LOL, while I was posting, I see @breeminator commented that their wireless lag is actually less than wired. Interesting. Maybe you have to spend a lot of $$ to get over the lag hurdle with wireless? Admittedly, my wireless test have been with sub-$50 mice, so maybe you get what you pay for. I just always assumed that lag was inherent to the technology so spending $100+ on a wireless mouse would have similar lag.
- Personally, I also don’t like having to worry about my mouse’s/keyboard’s battery dying on me, needing replacement on occasion, or slowly depleting over time. (Wouldn’t the responsiveness diminish as the battery drains, too?). So I prefer wired for these reasons, too.
I have a wired ‘Logitech G Pro Gaming Mouse’ and really like it. Really smooth, responsive movement, and the braided cable is quite flexible compared to old-school cables, which is nice to help move it out of the way.
As breeminator said, I agree that the smooth movement and accuracy of gaming mice is worth it. Cheaper mice are fine for work, but for gaming/home, it’d now be weird for me to use a mouse without good DPI and polling rate.
The DPI switch on my mouse (located below the mousewheel) has come in handy. It has four customizable sensitivity presets to toggle through; to be able to change sensitivity on the fly.
- Comes in handy for certain games where the game changes mouse sensitivity on you; when you, say, go into a vehicle after running around. An older game I’ve played, in particular, really slows down the sensitivity when entering a tank, but I just click my DPI button a couple times to increase sensitivity to the max preset I made and I’m good. After exiting the vehicle, I hit the DPI button a couple times to put the DPI back to what I like.
Regarding DPI and polling rate, it’s pretty incredible how sensitive you can make gaming mice. I could see some elite players across the gaming industry being able to crank up the DPI beyond what I use and do great with ultra-fast turning and such. I have my personal limits
I also like being able to move my mouse pointer across the screen by moving the mouse a couple inches (literally) on my mouse pad, without having to lift my mouse up and repeating that motion multiple times. I can do this with my gaming mouse; which, over time, may help me avoid carpal tunnel syndrome since I’m not moving my hand/wrist as much.
- At work, though, with the inexpensive (non-gaming) mouse, I find myself having to crank the Windows 10 mouse settings’ Pointer Options sensitivity all the way to the highest and it’s still not fast/sensitive enough for what I’m used to experiencing on my home PC with gaming mouse.
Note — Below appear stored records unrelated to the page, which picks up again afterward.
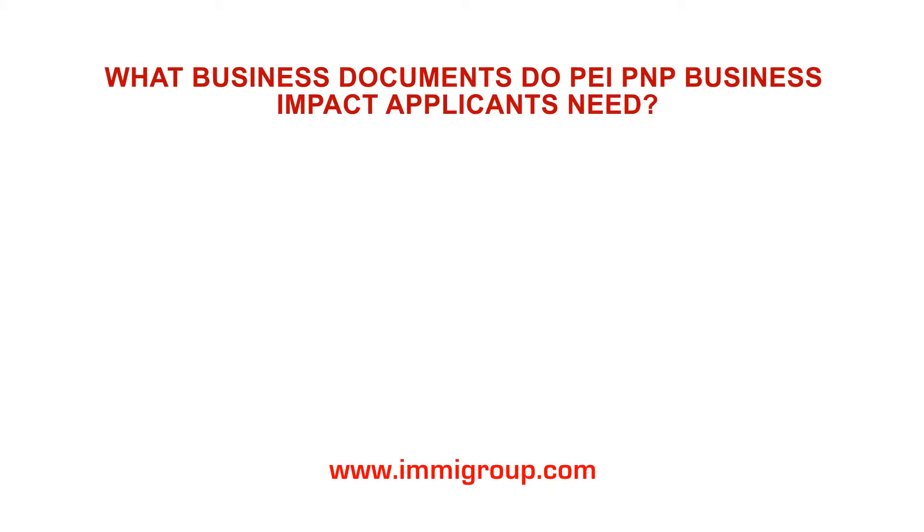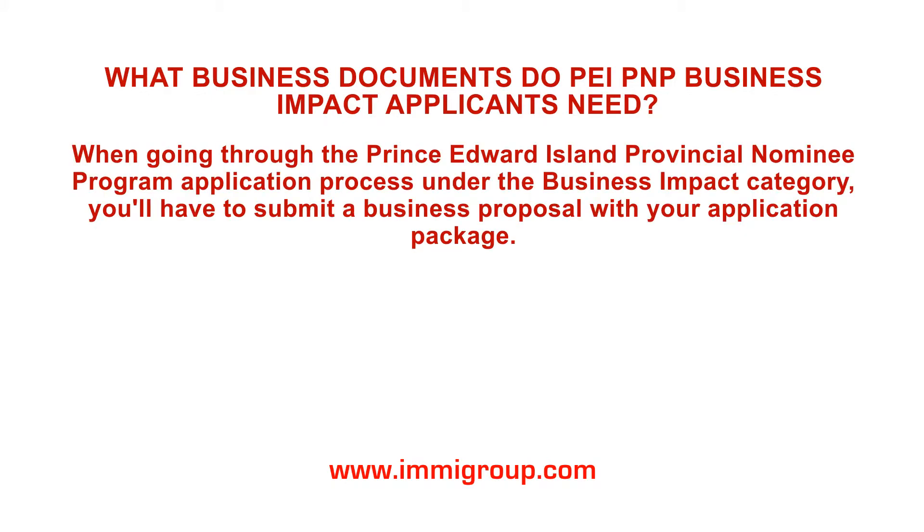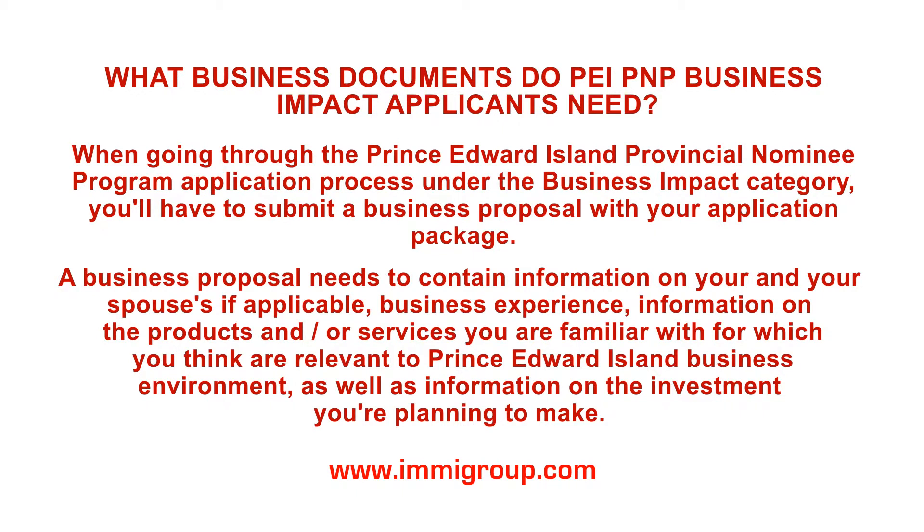What business documents do PEI PNP Business Impact applicants need? When going through the Prince Edward Island Provincial Nominee Program application process under the Business Impact category, you'll have to submit a business proposal with your application package. A business proposal needs to contain information on your and your spouse's, if applicable, business experience, information on the products and/or services you are familiar with and think are relevant to the Prince Edward Island business environment, as well as information on the investment you're planning to make.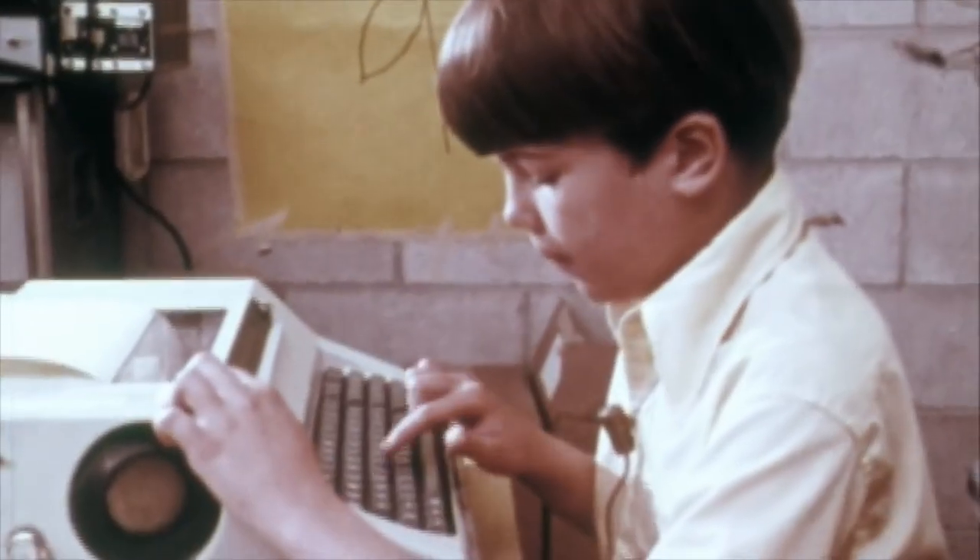The child doesn't have to be told by a teacher whether he's right or wrong. He can see for himself whether it works. That's what science and knowledge is about.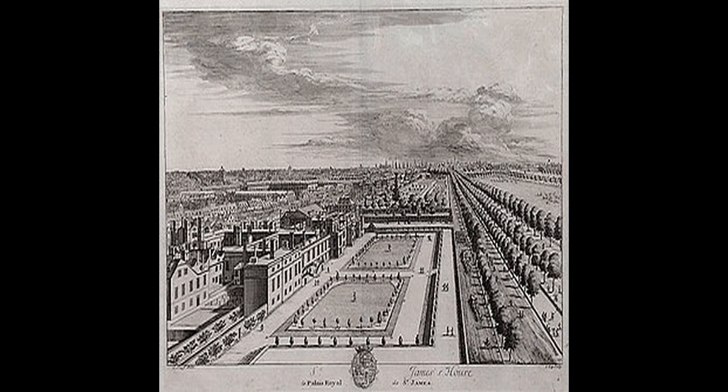Tsar Nicholas I of Russia called the new palace 'a dream in stone.' The Palace of Westminster has been a Grade I listed building since 1970 and part of a UNESCO World Heritage Site since 1987.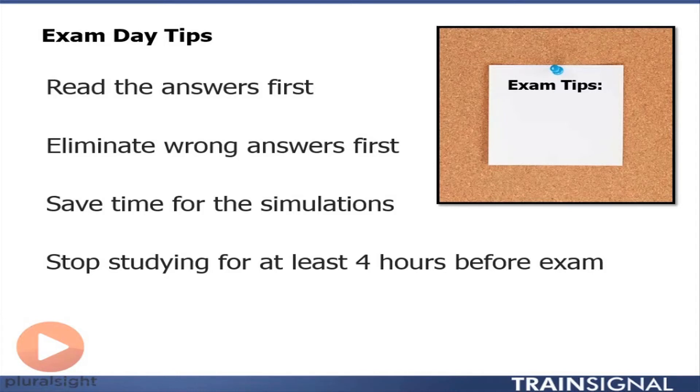If you don't know the answer, always guess — never leave it blank. There's no penalty for guessing wrong, but there is a penalty for not answering. Save time for your simulations; hopefully those first two tips will allow you to do that.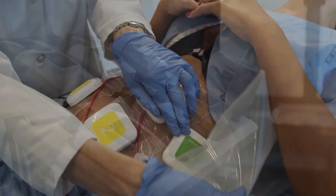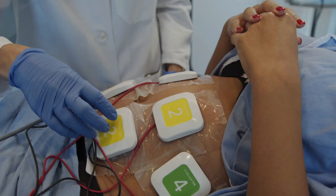We then did the TruSculpt Flex, which is a personalized muscle-building treatment that adjusts to your shape, your fitness level, and goals to strengthen, firm, and tone your muscles.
The relatively poor polling/reporting rate also probably doesn’t help.
I just checked on my home PC and I’m able to have the Win10 setting at a reasonable mid-point level because of the gaming mouse, which I have set to a default of 2550 DPI sensitivity & 1000 polling rate. There’s no way I could have this setting at the mid-point at work:
As for keyboards, the main problem I’ve had with non-gaming keyboards is sometimes they don’t let you press multiple keys at once to register the keystrokes you want and in the order you want. So, for example, if you’re playing a FPS game and need to hold ALT+SHIFT+W down to do a particular move (which some do), some keyboards won’t let you do that, if they only allow two buttons to be reliably pressed at once.
- I’ve had a couple other things not work or act weirdly, just can’t remember offhand… but it was usually tied to the keyboard not allowing more than like two keys to be pressed at a time and/or needing to hit keys in a certain order if you needed to hold down 2 or 3 of them.
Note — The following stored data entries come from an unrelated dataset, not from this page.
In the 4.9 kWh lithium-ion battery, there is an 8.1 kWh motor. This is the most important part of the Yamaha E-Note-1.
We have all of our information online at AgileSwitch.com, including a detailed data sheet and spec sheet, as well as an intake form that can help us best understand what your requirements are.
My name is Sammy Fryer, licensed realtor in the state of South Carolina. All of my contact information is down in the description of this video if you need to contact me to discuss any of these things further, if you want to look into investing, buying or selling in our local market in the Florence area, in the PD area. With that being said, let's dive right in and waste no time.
- A higher “n-key rollover” value on keyboard specs lets you press multiple keys at once without issue; I doubt you’d need to hold more than 3 or 4 keys at a time, but you’d want it to be possible and reliable if you did. I have a Logitech that has gotten the job done for me.
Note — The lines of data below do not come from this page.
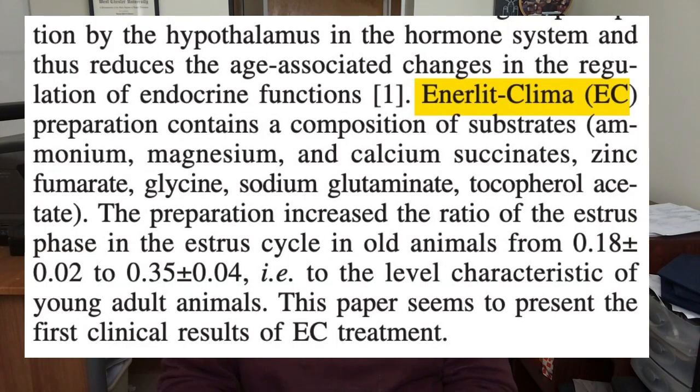I will note that in this paper they don't actually call it Amberin — they call it something else — but if you look at the ingredients they are very similar to what you see in Amberin. This leads me to think that this may be the very first human clinical trial on the Amberin supplement.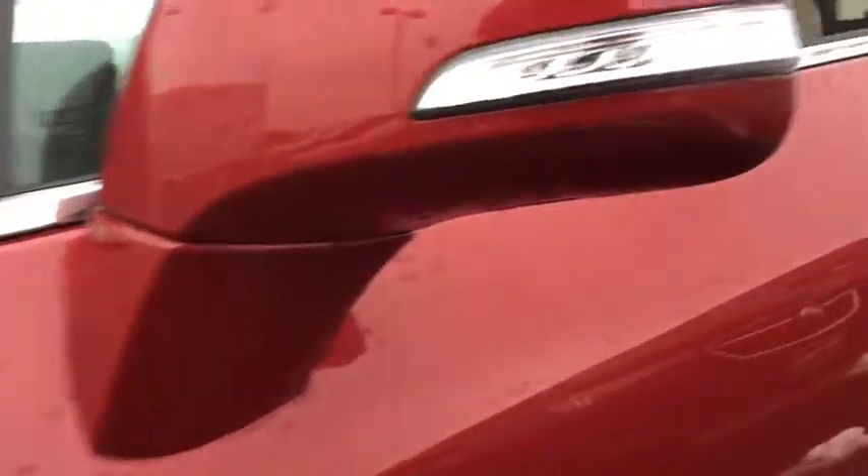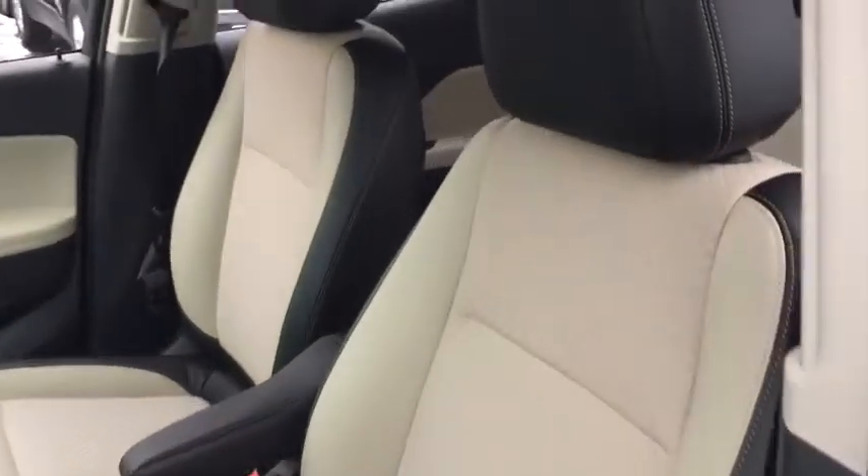This vehicle has less than 100 miles. Here are some of this vehicle's great options.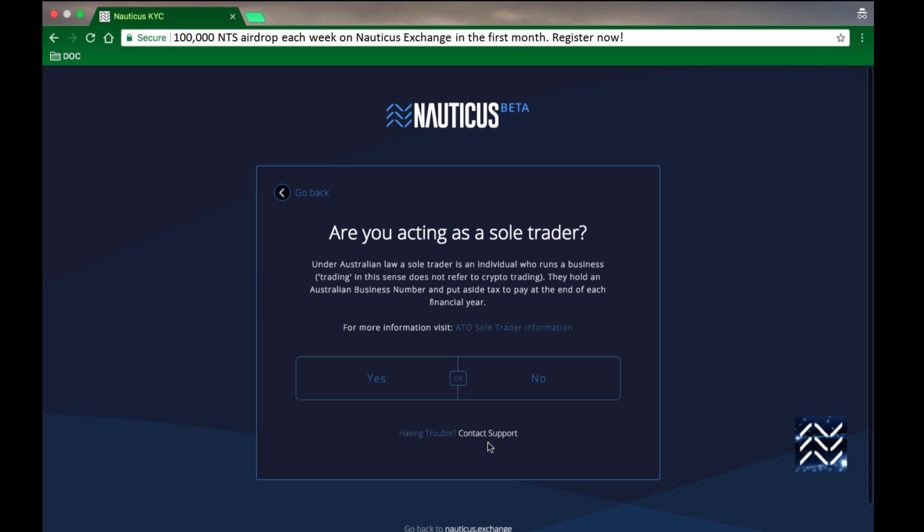The next screen asks if you're acting as a sole trader. The short answer is probably not. If you're not Australian and you don't have an Australian business number, then you're almost certainly not going to be a sole trader.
- I think responsiveness may have been an issue on some keyboards I’ve tried, too. I don’t try a lot of keyboards, but the issues I’ve experienced are with the generic ones that get included with PCs you buy.
That’s just my experience, but I think it’s worth it if you can. Even low- or mid-level gamer peripherals might be okay. I don’t have high-end peripherals by any stretch of the imagination. The Logitech G110 keyboard I got 10 years ago is still going strong. And there were definitely mice a lot more expensive than what I got.
Wow. Sorry for the wall of text :-/ Didn’t intend for that to happen.